What if you went to sleep tonight and woke up tomorrow a hundred and thirteen years from now? That is the exact situation Julian West, the protagonist from Edward Bellamy’s utopian novel Looking Backward, finds himself in at the start of the text. Well, I have been thinking about time and how quickly it can pass us by, especially since in a little over two months I will be done with my undergraduate degree. While I haven’t been sleeping the past four years away, quite the opposite actually, I can relate to West’s character in that when I wake up in the morning the world often seems new. Fundamentally, the big parts of my life have not changed – my jobs are steady, my classes are familiar, and my readings are still intensive – yet my life still feels different.
I am approaching a change, there is no doubt about that, but this shift has been so gradual that honestly, I hardly saw it coming at all. There is just something in the air, not a nip of frost; maybe the winds of change are blowing in my face to catch my attention? Whenever I enter the Humanities lounge or lecture hall now I think, “Soon I will be here for the last time” and my breath catches in my throat. After that moment, however, those feelings are gone; I turn to a friend and start a conversation or I set down my things to work for a bit before my next class. These thoughts about graduation are both exciting and nerve-wracking. Part of me is so enthralled about engaging with the next adventure life has to offer and the other part of me just wants to hunker down in the lecture hall to listen to my professors talk about literature, philosophy, and politics forevermore. My attachment to my program and the relationships it helped me build makes me unsure if I am ready to let go of the security and comfort it offers me.

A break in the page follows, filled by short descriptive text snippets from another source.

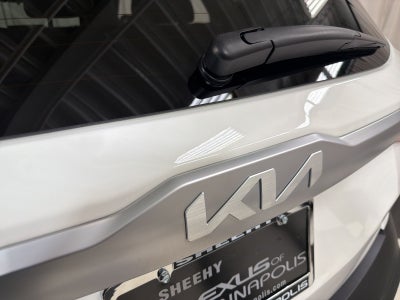 2022 Kia Seltos Nightfall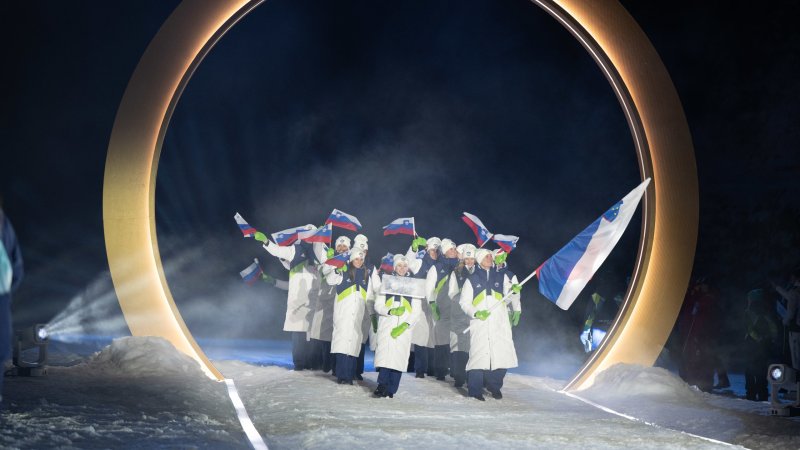 Spektakulär! Die besten Bilder der Olympia-Eröffnungsfeier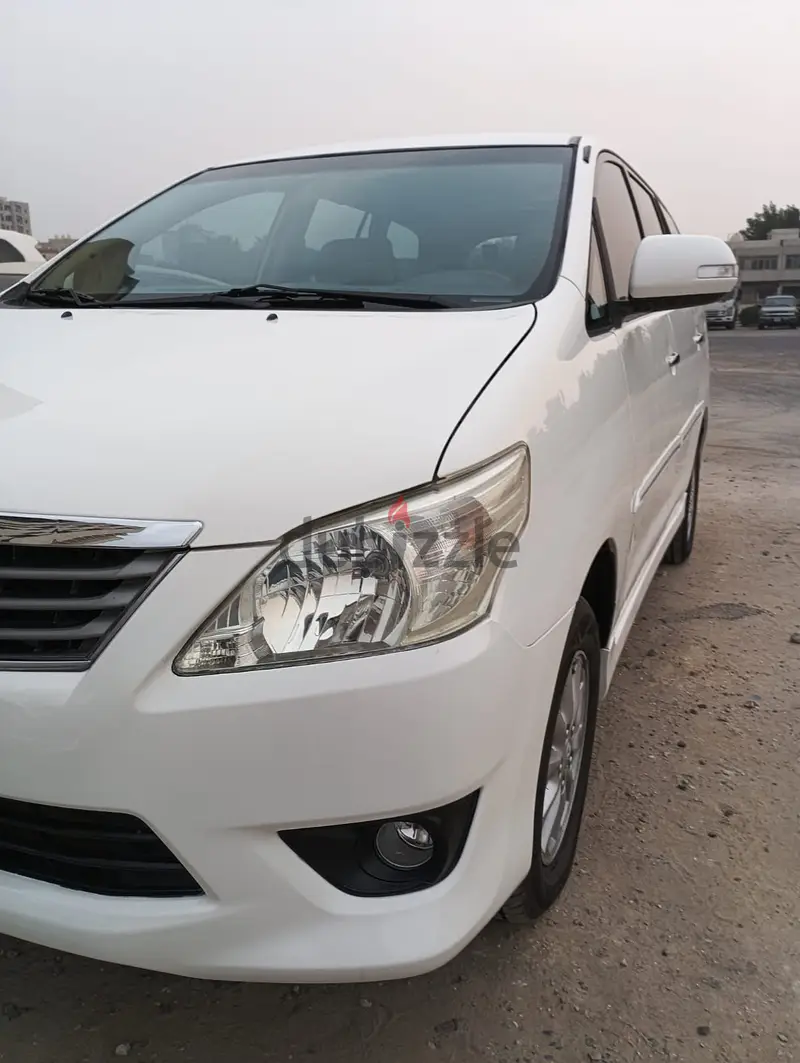 تويوتا إينوفا 201364419392565249121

Therefore, in order to avoid spending too much time thinking about letting it all go I decided to throw myself into my schoolwork with an even more intense vigor than usual. However, I have noted an unusual pattern in the self-selected due dates for my final assignments, papers, and presentations – the majority of them fall right at the end of the term. To anyone who knows me personally, you will know that if given the opportunity I am generally the person who volunteers to do everything first; this is a holdover from my elementary school days and it has often served me well. This term though, I have signed up for several presentations in March! Moreover, not only in March, but April too!
My theory is that by stacking all of my final projects at the end of the term, I will succeed in pushing all thoughts of leaving, graduation, and next steps from my mind. I wonder if it will work. Since I am writing this blog post about it, I have a feeling that my thought process has flaws. Then again, I am still a student, and I am still learning. No, my world has not jumped a hundred and thirteen years into the future but I am on the cusp of waking up in a completely new era, at least where my life is concerned. I can only hope that I will adapt to my new future as well as Bellamy’s Julian West; he accepted his new world with an open mind and heart – I aim to do the same.
*I read Bellamy’s novel for my fourth-year Studies in American Literature seminar on utopias.